As dúvidas são muitas, mas uma coisa parece certa. Felipão é o nome certo para torneios de tiro-curto. Estrela ele tem. Currículo também. Só que a mesma estrela e o mesmo currículo andam meio apagados pelo tempo. 

Com ele – e o provável coordenador técnico Carlos Alberto Parreira – de volta, a seleção brasileira será a equipe com mais cara de anos 1990 entre os rivais, que se inovaram, se reciclaram e se tornaram mais competitivos. Isso é ruim? Talvez não.
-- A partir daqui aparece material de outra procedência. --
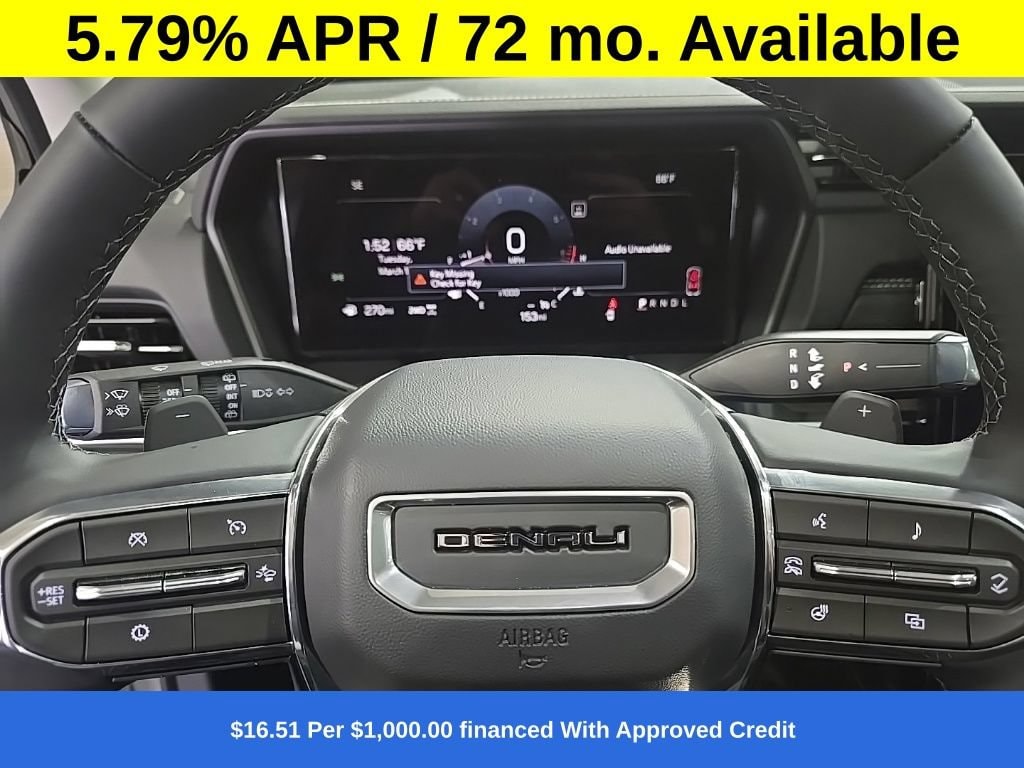 2026 GMC Terrain Denali - Photo 20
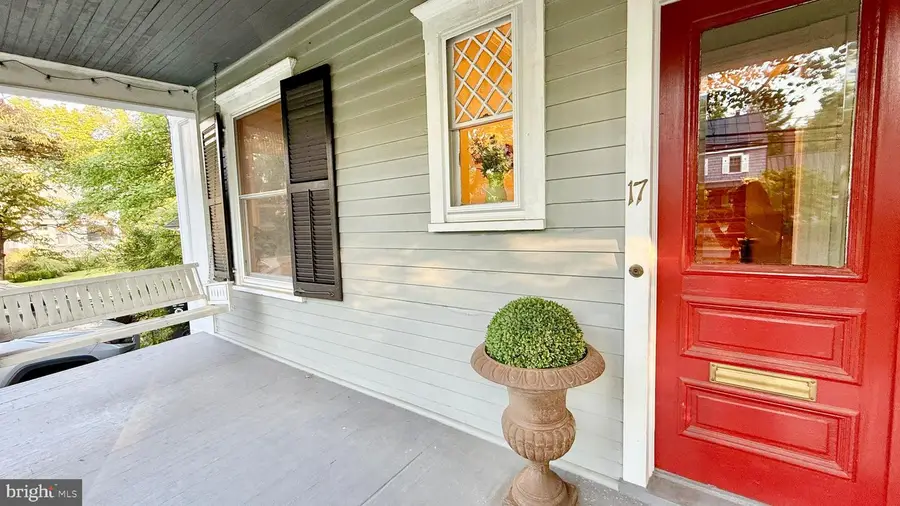 17 Aiken Ave, Princeton, NJ 08540 - #3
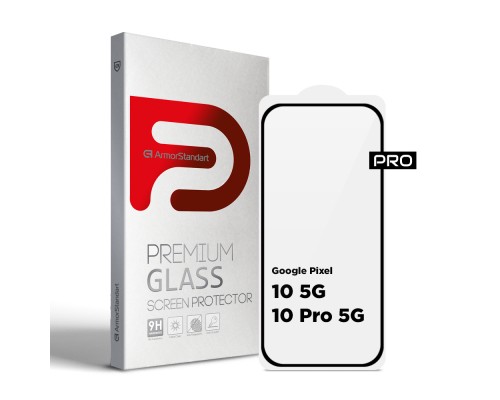 Скло захисне Armorstandart Pro Google Pixel 10 5G / 10 Pro 5G (ARM87294)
Mas é bom lembrar: em 1994, o competitivo Grêmio de Felipão e Jardel era capaz de bater a Espanha de Javier Clemente e Luis Enrique. Hoje todo time de Felipão é uma versão atualizada daquele Grêmio vitorioso, mesmo sem a letalidade dos velhos tempos. A Espanha de Xavi e Del Bosque, por sua vez, é nem sombra daquela escola. Não por acaso, é a atual bicampeã europeia e campeã do mundo.
Nem sempre talento ganha jogo, diz o chavão, e é justamente a falta de talento que tem tirado, nos últimos anos, o brilho da seleção – e não apenas os eventuais erros de treinadores como Mano Menezes e Dunga.
Felipão terá um ano e meio para recuperar esse brilho duplo, dele e da seleção. E só o título dirá como ele será lembrado a partir de agora: se como o salvador que fez dois raios cair num mesmo lugar ou se como o homem que ofuscou a própria história conquistada 12 anos antes. É um desafio arriscado. Mas desafio não é para fracos. E fraco Felipão já mostrou que não é.